**DATASET RECORDS**
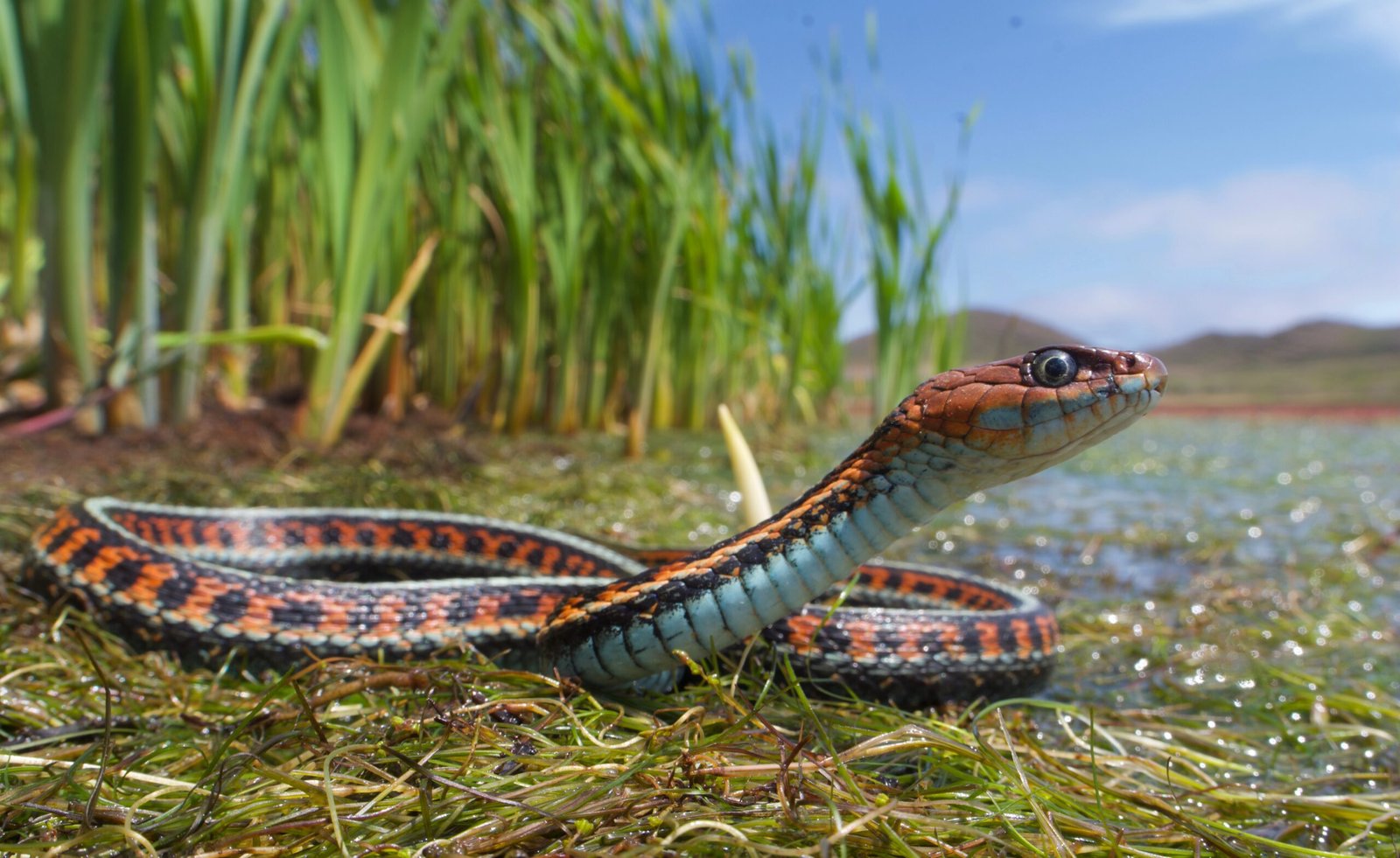 Red-Sided Garter Snakes: The Slithering Thespians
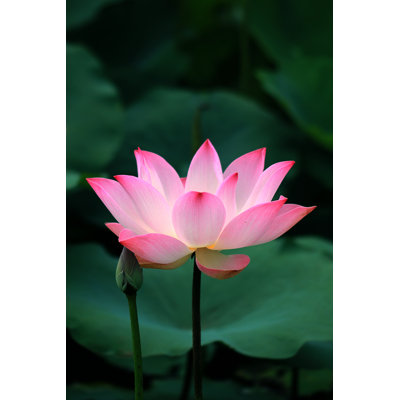 Sacred Lotus - Wrapped Canvas Print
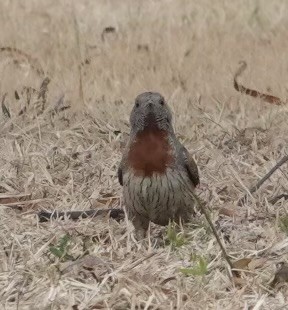 Rufous-necked Wryneck - ML624200005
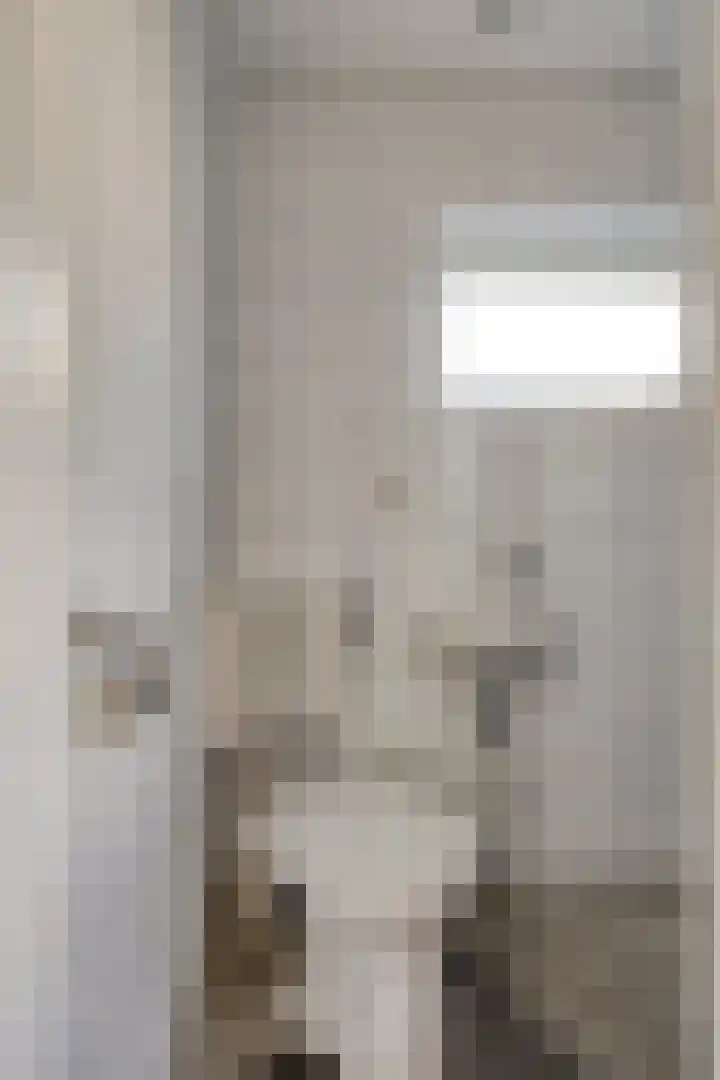 Kuijperstraat 4 Elst thumbnail 41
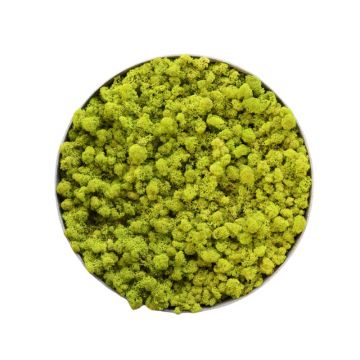 Lichen Lime - Ø50cm - Cadre végétal stabilisé rond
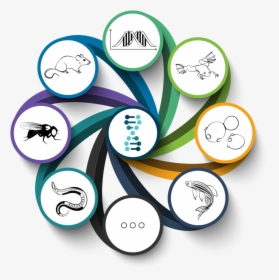 Illustration Of Community Logos - Vector Circulo Infografia, HD Png Download, Transparent PNG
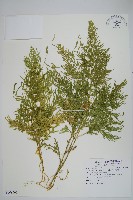 密葉卷柏藏品圖，第1張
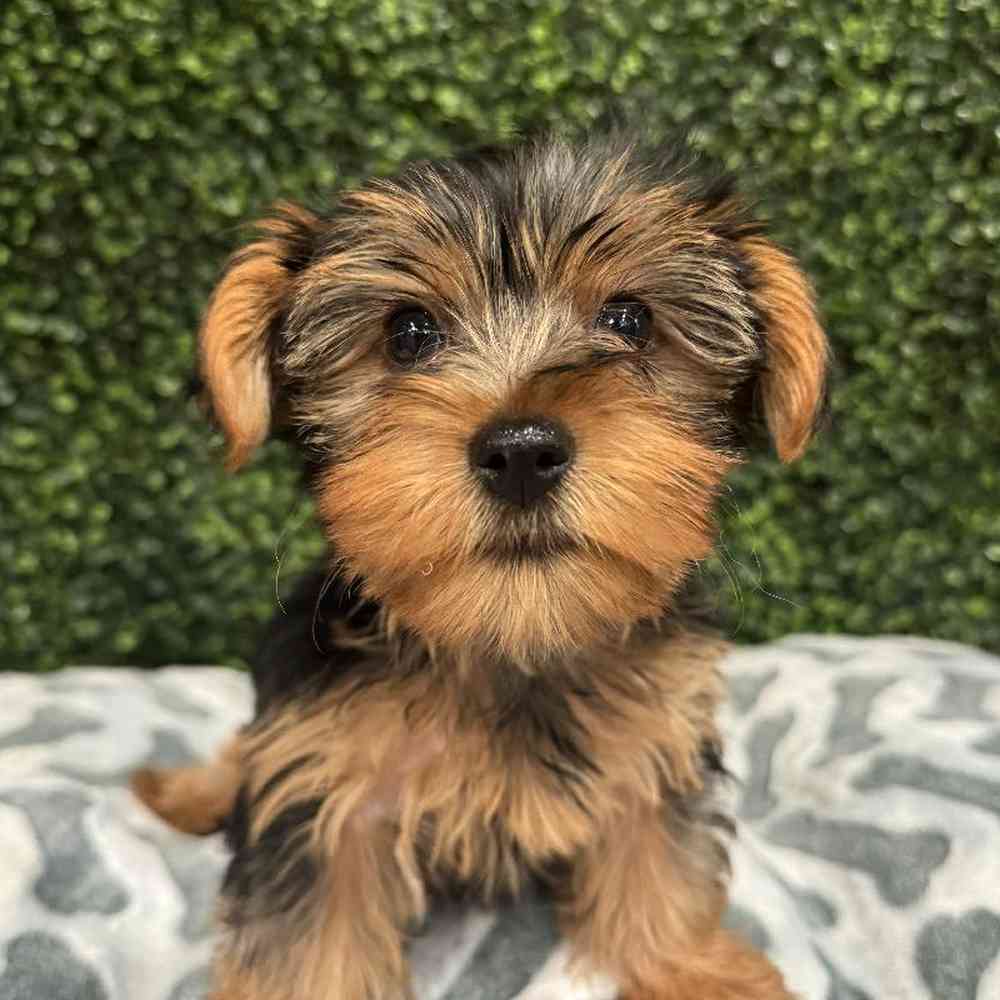 Female Yorkie Puppy for Sale in Joplin, MO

**WHAT TO DO**
Restate all the material verbatim; omit every picture.

**YOUR RESPONSE**
 Red-Sided Garter Snakes: The Slithering Thespians
 Sacred Lotus - Wrapped Canvas Print
 Rufous-necked Wryneck - ML624200005
 Kuijperstraat 4 Elst thumbnail 41
 Lichen Lime - Ø50cm - Cadre végétal stabilisé rond
 Illustration Of Community Logos - Vector Circulo Infografia, HD Png Download, Transparent PNG
 密葉卷柏藏品圖，第1張
 Female Yorkie Puppy for Sale in Joplin, MO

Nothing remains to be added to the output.